━━━━━ Exercise data

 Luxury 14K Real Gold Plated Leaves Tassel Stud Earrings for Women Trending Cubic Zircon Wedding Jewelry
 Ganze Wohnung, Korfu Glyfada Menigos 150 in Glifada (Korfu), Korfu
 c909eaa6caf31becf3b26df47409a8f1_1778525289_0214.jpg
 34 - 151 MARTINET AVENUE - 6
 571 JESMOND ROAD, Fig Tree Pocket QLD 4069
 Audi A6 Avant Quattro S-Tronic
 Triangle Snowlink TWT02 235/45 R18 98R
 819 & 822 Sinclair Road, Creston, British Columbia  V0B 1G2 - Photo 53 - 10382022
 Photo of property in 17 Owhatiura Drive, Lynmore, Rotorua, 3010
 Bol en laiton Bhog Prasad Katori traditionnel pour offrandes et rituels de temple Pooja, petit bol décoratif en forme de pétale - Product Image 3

━━━━━━━━━━

» About this exercise:
With the line that contains "Triangle Snowlink TWT02 235/45 R18 98R" as the first and the final line of the data as the last, repeat every line in that span exactly.

» Worked solution:
 Triangle Snowlink TWT02 235/45 R18 98R
 819 & 822 Sinclair Road, Creston, British Columbia  V0B 1G2 - Photo 53 - 10382022
 Photo of property in 17 Owhatiura Drive, Lynmore, Rotorua, 3010
 Bol en laiton Bhog Prasad Katori traditionnel pour offrandes et rituels de temple Pooja, petit bol décoratif en forme de pétale - Product Image 3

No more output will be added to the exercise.